**Records to process:**
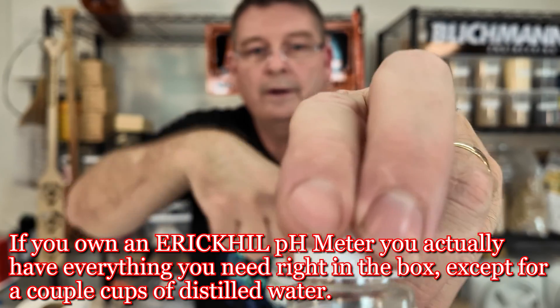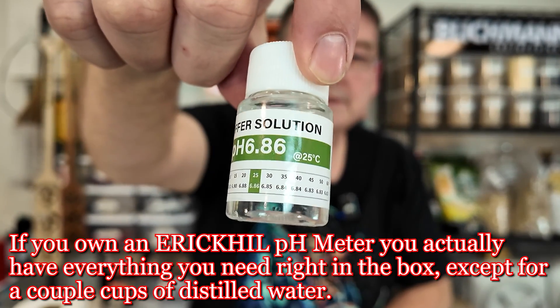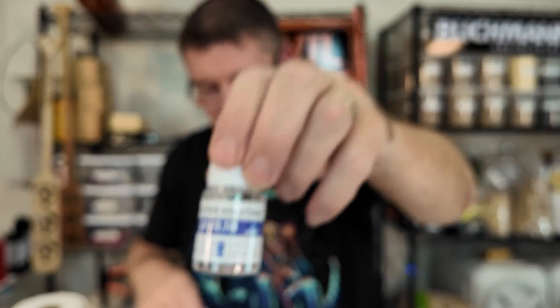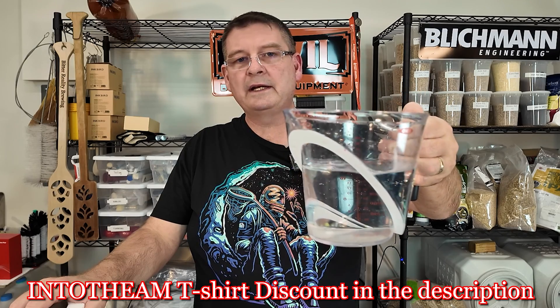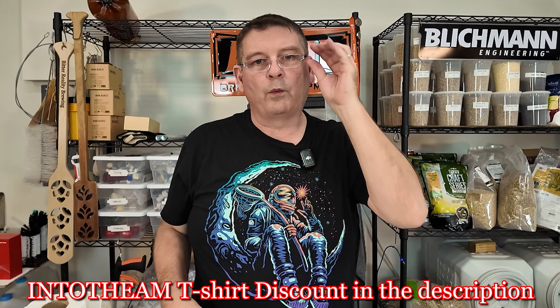Set them side by side. You've got your 4, your 6 — and I think that six is 6.86 — and your 9.18. Put them somewhere that's nice and clean. Get a thing of paper towels. I have about three cups of distilled water.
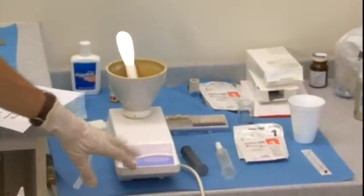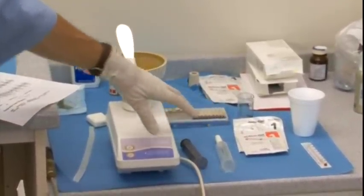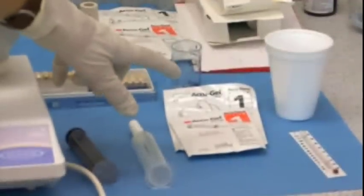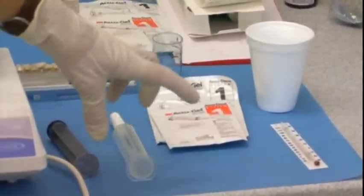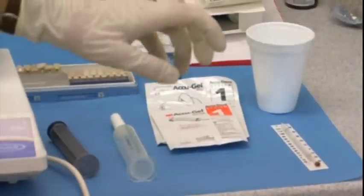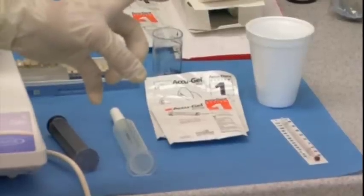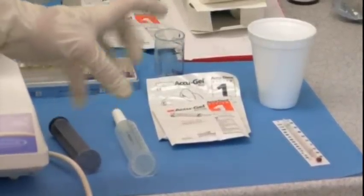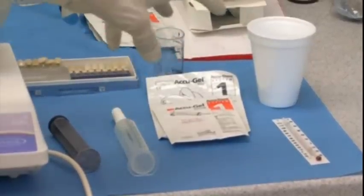Kathy's got it all laid out. We use an alginator, which is an automatic mixer. The AccuGel system comes with an injectable or light body, and then a tray material — a heavy body. We use a thermometer because the material recommends the water be between 80 and 85 degrees when you're mixing it. You really need to use your thermometer to get the temperature right or your mix doesn't do well.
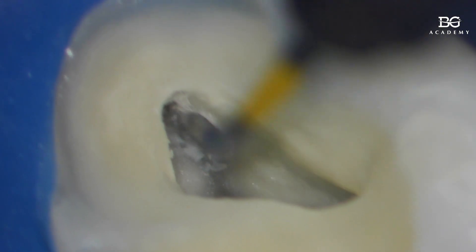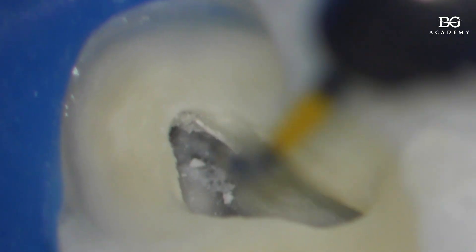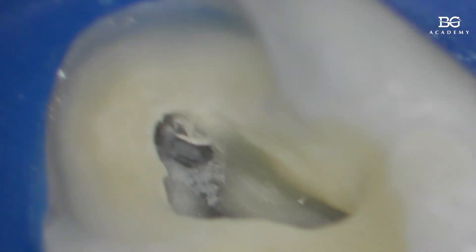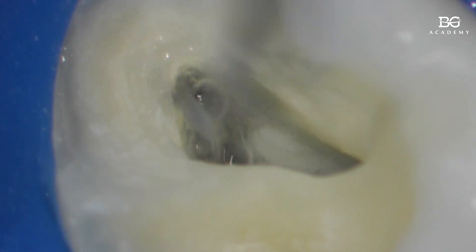Right now we're not working downward. The main work with ultrasound in this case is directed mesially, and a bit towards the buccal side — like this. If we're working with ultrasound without cooling, without water, it's literally just 10 to 15 seconds, then we rinse, dry, and wait.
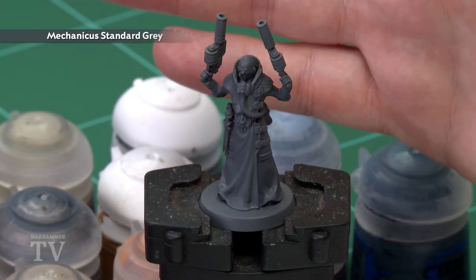Before we begin painting, the first thing we'll need to do is undercoat the model. As you can see, I've used Mechanicus Standard Grey. This is a nice neutral colour for all the colours we'll be applying onto this figure.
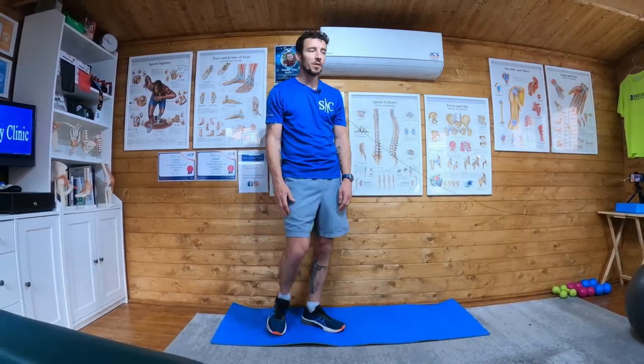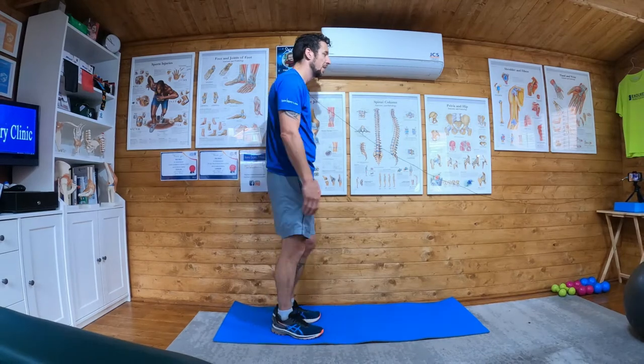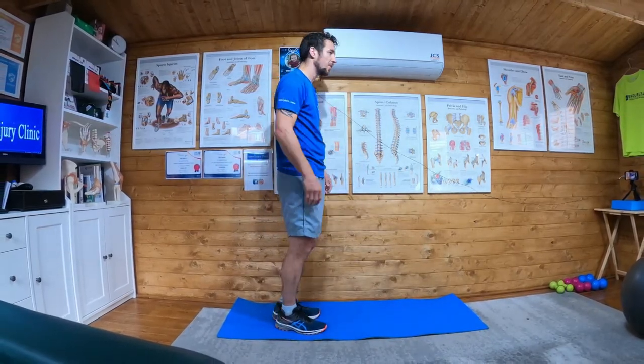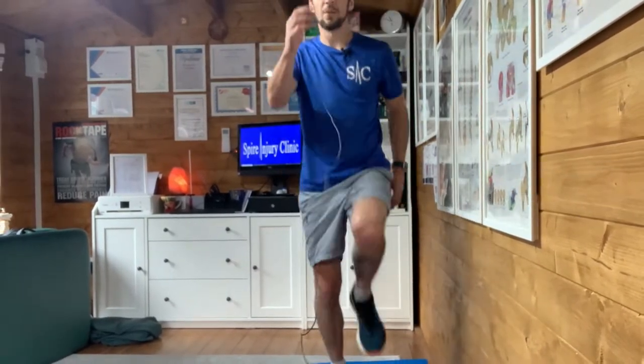Okay, skips — so what we're going to do is 15 on each leg. Initially we're just going to skip on the spot, opposite arm to opposite leg, and we're just going to skip like so.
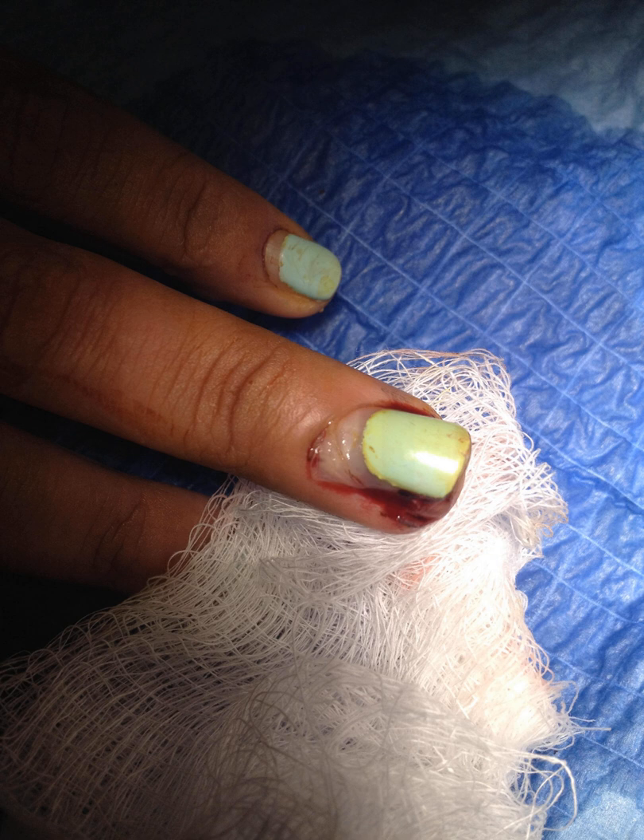Sometimes the nail is gone or too mangled. In that case, we try to put in an artificial stent into the nail fold to keep the nail bed open. You're trying to cut a little piece of foil or some kind of plastic wrapper from the suture material, which is sometimes used. There are different things you can use, and then you suture that in — it's kind of a pain.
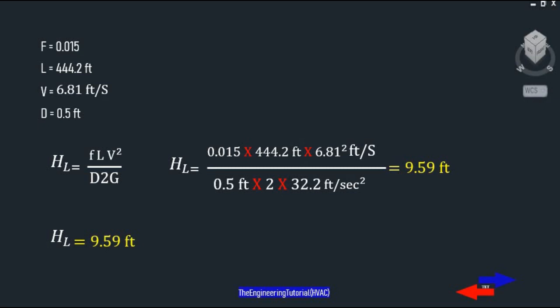So: 0.015 × 444.2 feet × (6.81 feet per second)² divided by (0.5 feet × 2 × 32.2 feet per second squared) gives us a total head loss of 9.59 feet.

**Exercise:**
Although the records above contain pictures, the copy should hold only the lines from their start through the line containing "Before we begin", each exactly as written, and none of the pictures.

**Task output:**
Set them side by side. You've got your 4, your 6 — and I think that six is 6.86 — and your 9.18. Put them somewhere that's nice and clean. Get a thing of paper towels. I have about three cups of distilled water.
Kathy's got it all laid out. We use an alginator, which is an automatic mixer. The AccuGel system comes with an injectable or light body, and then a tray material — a heavy body. We use a thermometer because the material recommends the water be between 80 and 85 degrees when you're mixing it. You really need to use your thermometer to get the temperature right or your mix doesn't do well.
Right now we're not working downward. The main work with ultrasound in this case is directed mesially, and a bit towards the buccal side — like this. If we're working with ultrasound without cooling, without water, it's literally just 10 to 15 seconds, then we rinse, dry, and wait.
Before we begin painting, the first thing we'll need to do is undercoat the model. As you can see, I've used Mechanicus Standard Grey. This is a nice neutral colour for all the colours we'll be applying onto this figure.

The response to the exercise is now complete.